Search code examples
c++constexprcompile-timelibrary-design

Raise compile-time error if a string has whitespace


I have a base class that is intended to be inherited by other users of the code I'm writing, and one of the abstract functions returns a name for the object. Due to the nature of the project that name cannot contain whitespace.

class MyBaseClass {

  public:

    // Return a name for this object. This should not include whitespace.
    virtual const char* Name() = 0;

};

Is there a way to check at compile-time if the result of the Name() function contains whitespace? I know compile-time operations are possible with constexpr functions but I'm not sure of the right way to signal to code users that their function returns a naughty string.

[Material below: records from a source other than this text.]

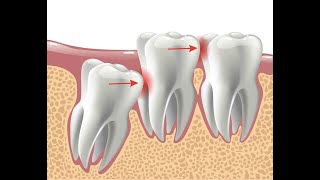 Fogászat 13.rész: Bölcsességfog, és foghúzás utáni teendők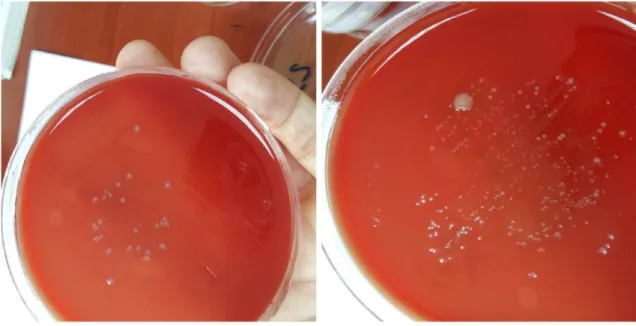 Şekil 4.1. 25 – 26 numaralı Arcobacter’lerin kanlı agar üzerindeki görüntüsü. 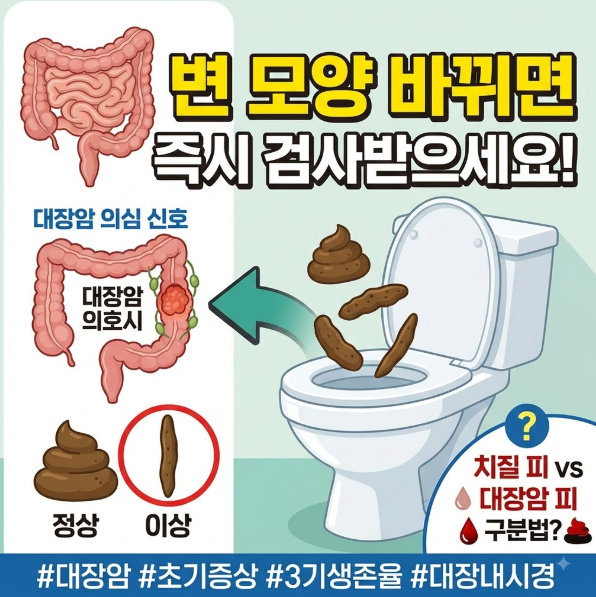 변 모양이 이렇게 바뀌면 검사받으세요! 대장암 초기 증상부터 3기 생존율, 치질 피 구분법까....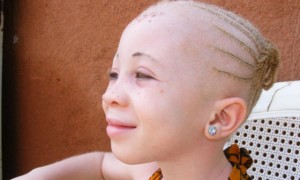 Article : Albinos d’Afrique, meurtres et sorcellerie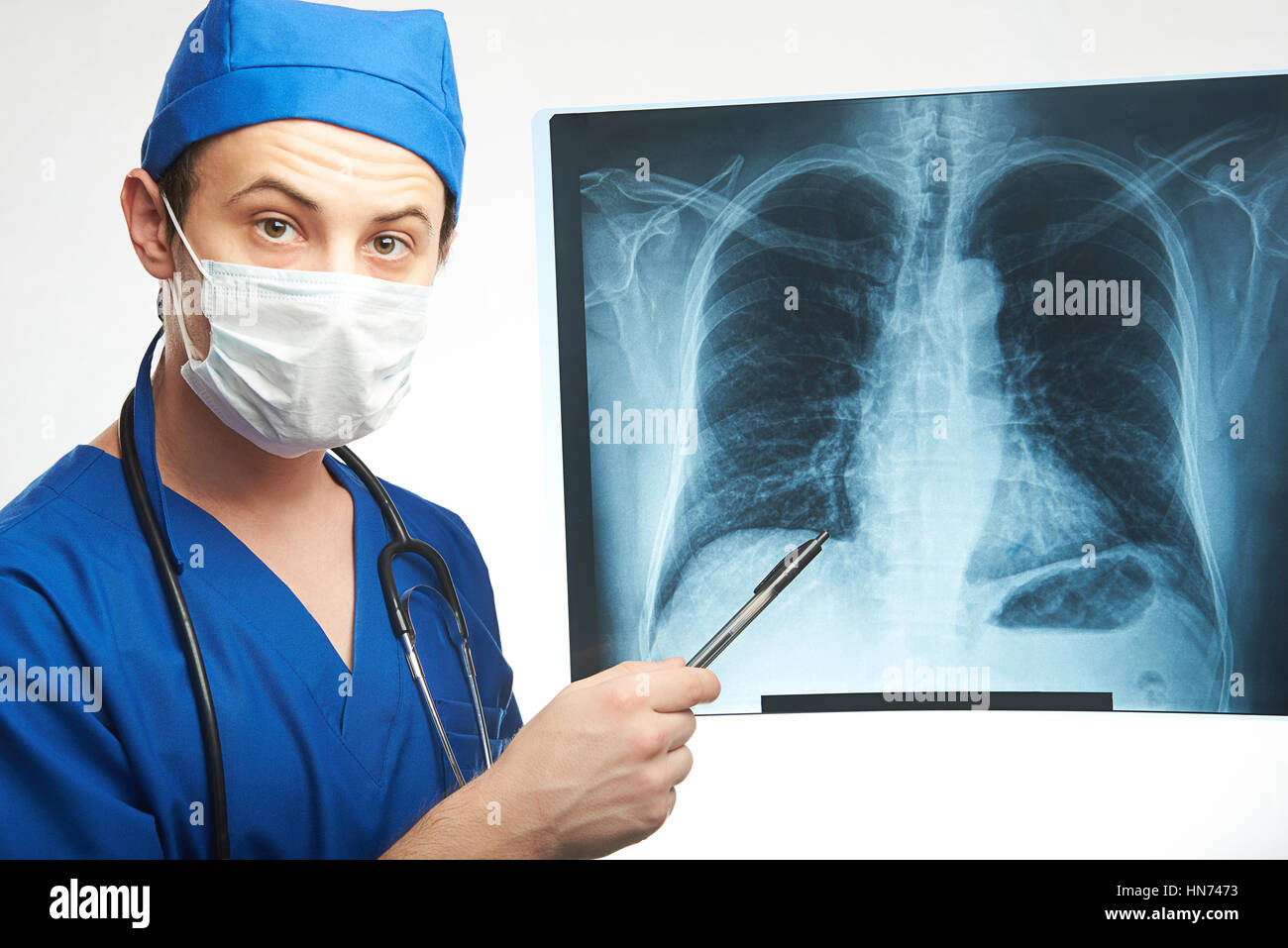 Jeune médecin afficher x-ray de poitrine isolated on white Banque D'Images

I'm also unclear on how to get a constexpr function to actually be executed by the compiler to perform such a check (if constexpr is even the way to go with this).


Solution

  • I think this is possible in C++20.

    Here is my attempt:

    #include <string_view>
    #include <algorithm>
    #include <stdexcept>
    
    constexpr bool is_whitespace(char c) {
        // Include your whitespaces here. The example contains the characters
        // documented by https://en.cppreference.com/w/cpp/string/wide/iswspace
        constexpr char matches[] = { ' ', '\n', '\r', '\f', '\v', '\t' };
        return std::any_of(std::begin(matches), std::end(matches), [c](char c0) { return c == c0; });
    }
    
    struct no_ws {
        consteval no_ws(const char* str) : data(str) {
            std::string_view sv(str);
            if (std::any_of(sv.begin(), sv.end(), is_whitespace)) {
                throw std::logic_error("string cannot contain whitespace");
            }
        }
        const char* data;
    };
    
    class MyBaseClass {
      public:
        // Return a name for this object. This should not include whitespace.
        constexpr const char* Name() { return internal_name().data; }
      private:
        constexpr virtual no_ws internal_name() = 0;
    };
    
    class Dog : public MyBaseClass {
        constexpr no_ws internal_name() override {
            return "Dog";
        }
    };
    
    class Cat : public MyBaseClass {
        constexpr no_ws internal_name() override {
            return "Cat";
        }
    };
    
    class BadCat : public MyBaseClass {
        constexpr no_ws internal_name() override {
            return "Bad cat";
        }
    };
    

    There are several ideas at play here:

    • Let's use the type system as documentation as well as constraint. Therefore, let us create a class (no_ws in the above example) that represents a string without whitespaces.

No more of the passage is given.